1#include <assert.h>
2
3typedef struct Map { size_t size; size_t cap; void **buckets; } Map;
4const size_t BASE = 0x811c9dc5;
5const size_t PRIME = 0x01000193;
6size_t hash(Map *m, char *str) {
7 size_t initial = BASE;
8 while(*str) {
9 initial ^= *str++;
10 initial *= PRIME;
11 }
12 return initial & (m->cap - 1);
13}
14
15Map init(size_t cap) {
16 Map m = {0,cap};
17 m.buckets = malloc(sizeof(void*)*m.cap);
18 assert(m.buckets != NULL);
19 return m;
20}
21
22void put(Map *m, char *str, void *value) {
23 m->size++;
24 m->buckets[hash(m, str)] = value;
25}
26
27void* get(Map *m, char *str) {
28 return m->buckets[hash(m, str)];
29}
Hashing
For the hashing I decided to go with
FNV1a,
simply because its easy to implement and very fast. We are only using strings
as keys, thus we could use the java way of hashing
strings.
The idea is to start with an initial value (BASE
) and assign this to the
xored value of itself and the data (current character). This is then assigned
to its multiplication with the PRIME
.
The last line of the hash
-function includes an optimisation for quicker
modulus computation, it is equivalent to initial % m->cap
but is a lot
faster.
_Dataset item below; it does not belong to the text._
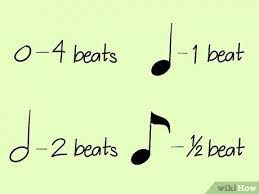 In musical terms, bpm refers to tempo and measures how fast or slow a piece of music is. 3 Ways To Calculate The Time Signature Of A Song Wikihow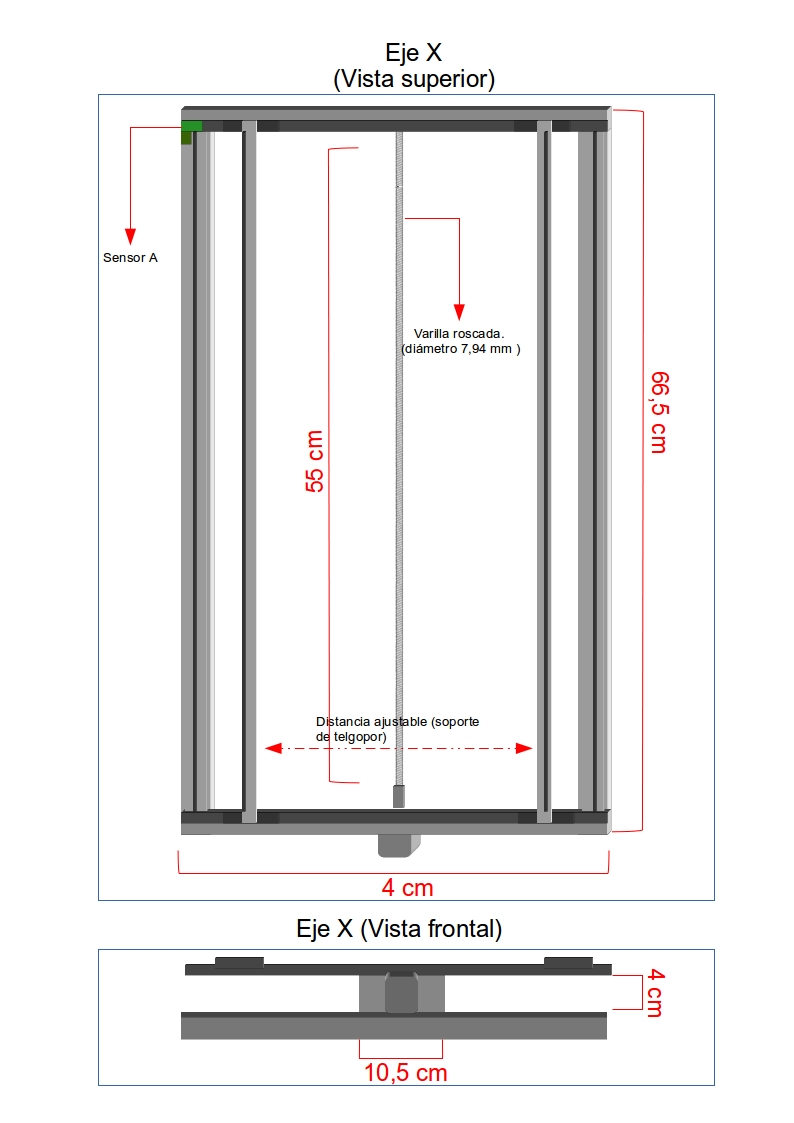 X axis structure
It does however only work for the cap being powers of two.
Storing and accessing everything
c allows for storage of all and any values via void*
, I abuse this to only
store the pointers to values, thus allowing the values to be of any kind, the
only downside being, the user of the map has to allocate, ref, deref and cast
the values to the expected types.
1#include <stdio.h>
2#include <stdlib.h>
3
4// ... Map implementation
5
6int main(void) {
7 Map m = init(1024);
8 double d1 = 25.0;
9 double d2 = 50.0;
10 put(&m, "key1", (void*)&d1);
11 put(&m, "key2", (void*)&d2);
12
13 printf("key1=%f;key2=%f\n", *(double*)get(&m, "key1"), *(double*)get(&m, "key2"));
14
15 free(m.buckets);
16 return EXIT_SUCCESS;
17}
This showcases the casting and the ref + deref necessary to interact with the hash table and of course the user has to free the memory used for the table buckets.